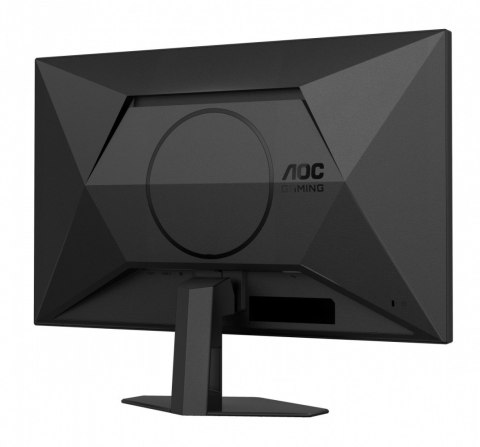 Monitor AOC 27G4XE 27 cali 180Hz IPS z głośnikami HDR 10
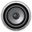Sound Booster for Windows 10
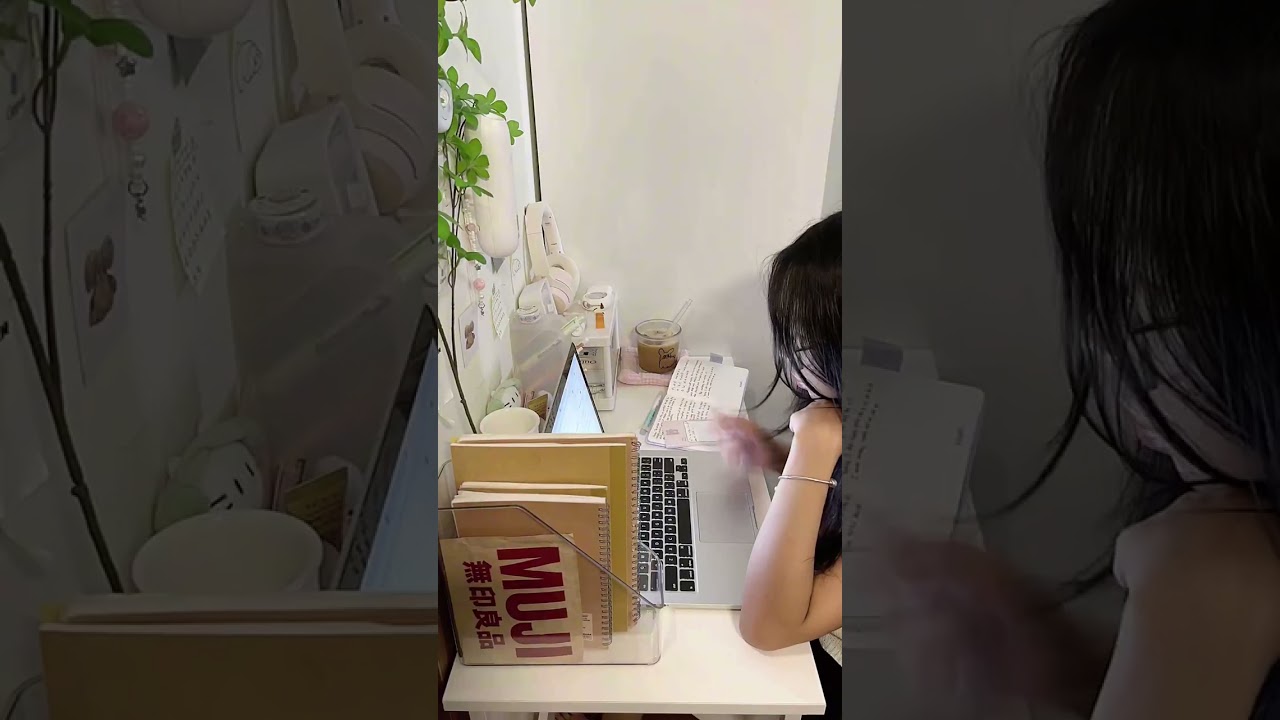 The BEST AI Tool for Math Homework (Step-by-Step Solutions)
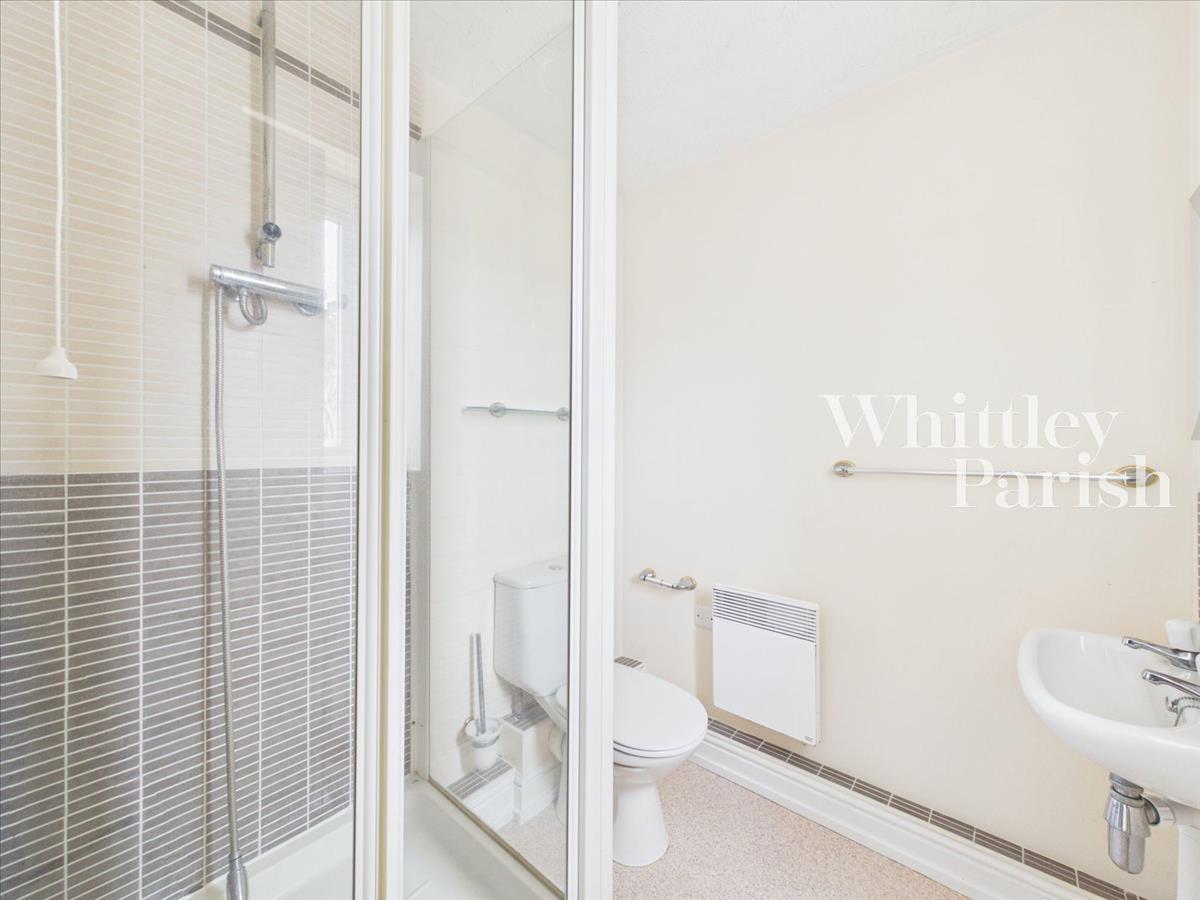 Property Image 9eb26f57-1767-4cee-8bc1-e2f62a76a868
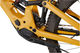 Specialized Bici de montaña eléctrica Turbo Kenevo SL Expert Carbon 29" - gloss brassy yellow-black/S3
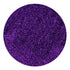 Master Maker Crafts -  Ultra Fine Glitter - Purple Rain (2 oz Bag) | Master Maker Crafts - Wholesale Craft Supplies - Fast Shipping from Ohio DIY Craft Warehouse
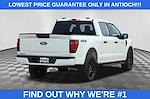 2024 Ford F-150 SuperCrew Cab 4x4, Pickup for sale #04T2175 - photo 2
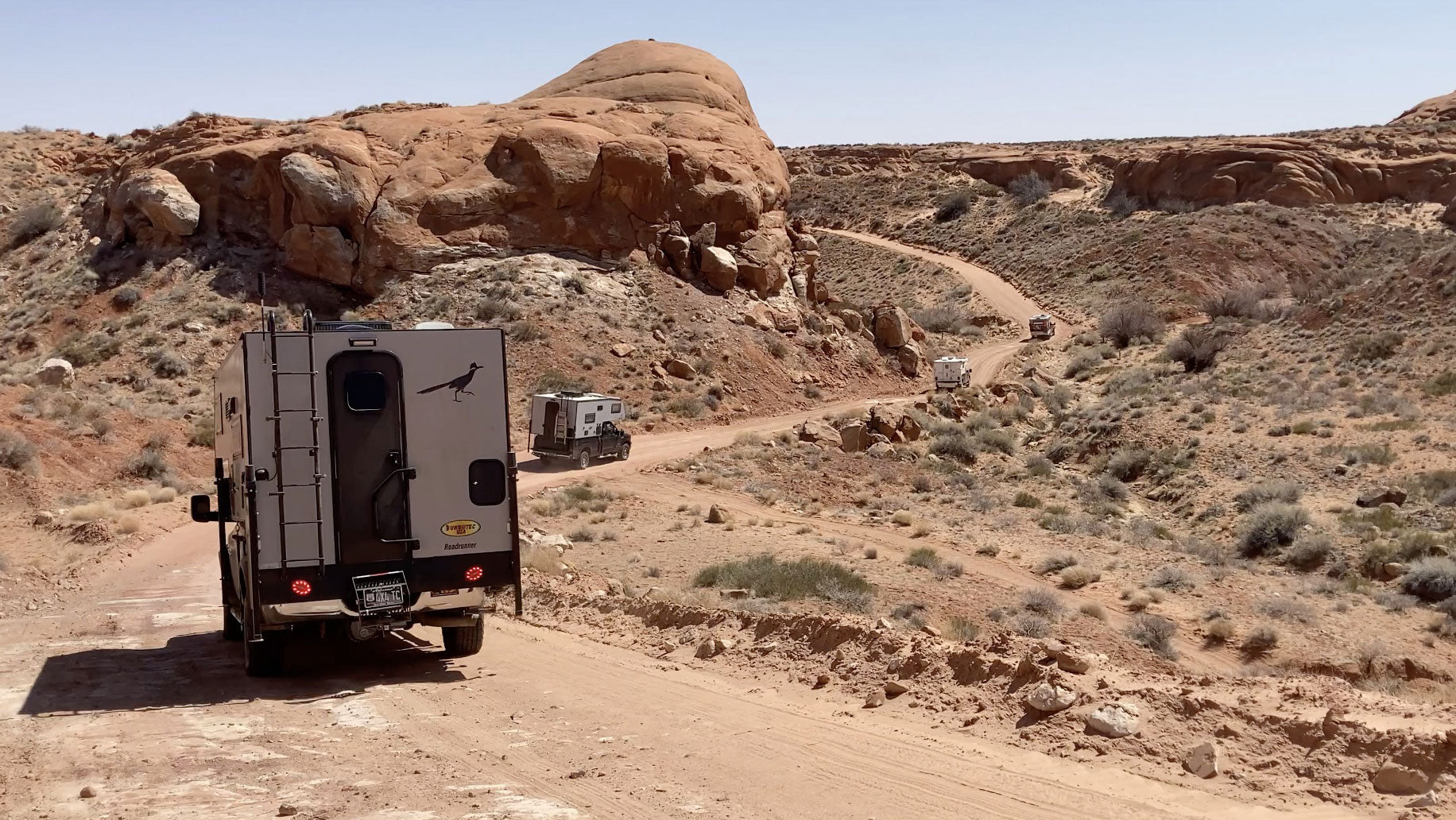 No Free Lunch? The Honest Physics of a 12V RV AC's Power Consumption ...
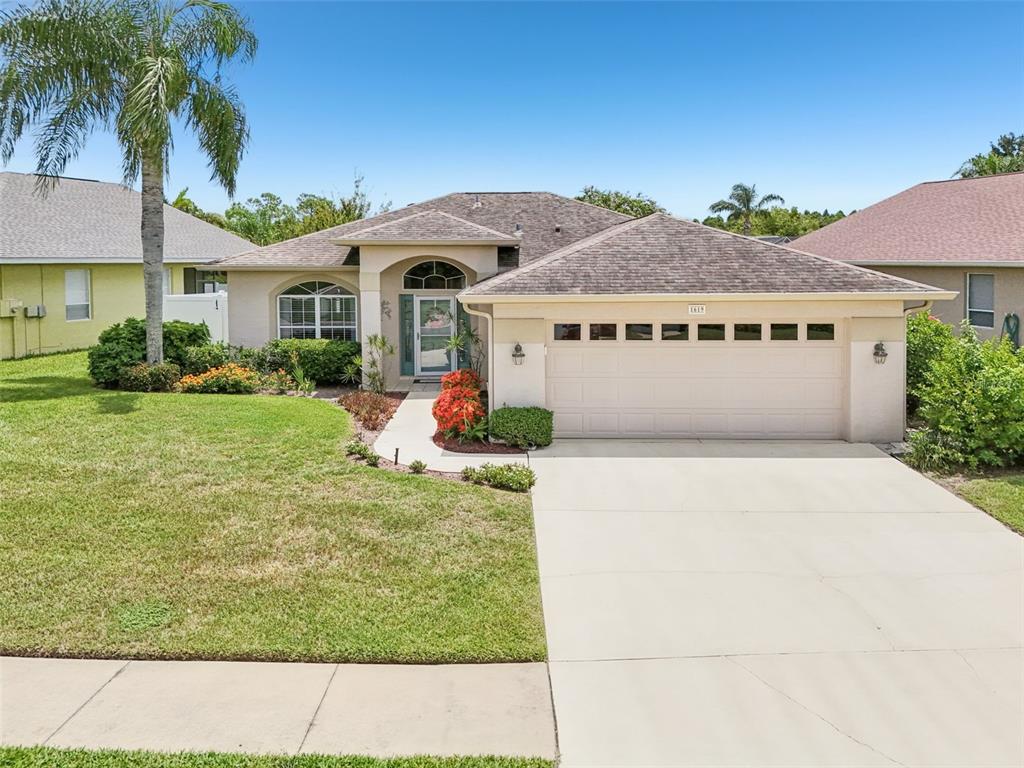 1619 VISTOSO LANE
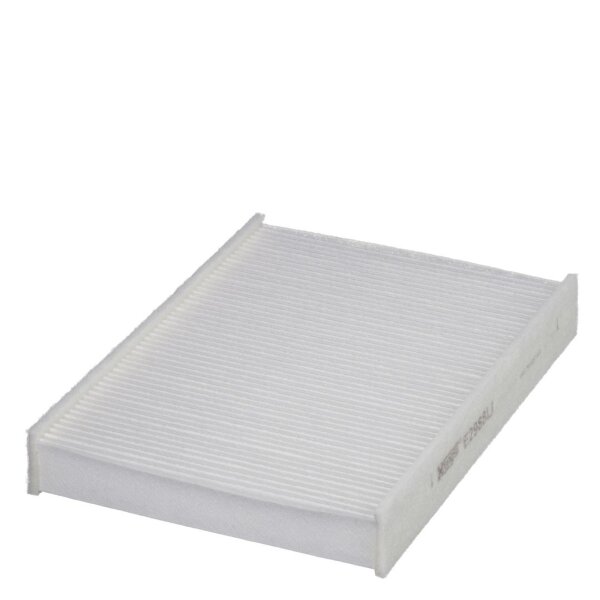 HENGST FILTER E2988LI Filter, Innenraumluft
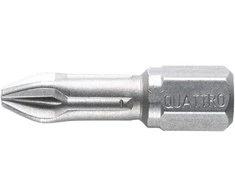 Makita Sukimo antgalis PZ2x25mm (3) B-23494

____

• _PROBLEM_: Beginning with the line that holds "1619 VISTOSO LANE" and ending with the last line of the material above, extract every line exactly, pictures excluded.

• _WRITTEN SOLUTION_:
 1619 VISTOSO LANE
 HENGST FILTER E2988LI Filter, Innenraumluft
 Makita Sukimo antgalis PZ2x25mm (3) B-23494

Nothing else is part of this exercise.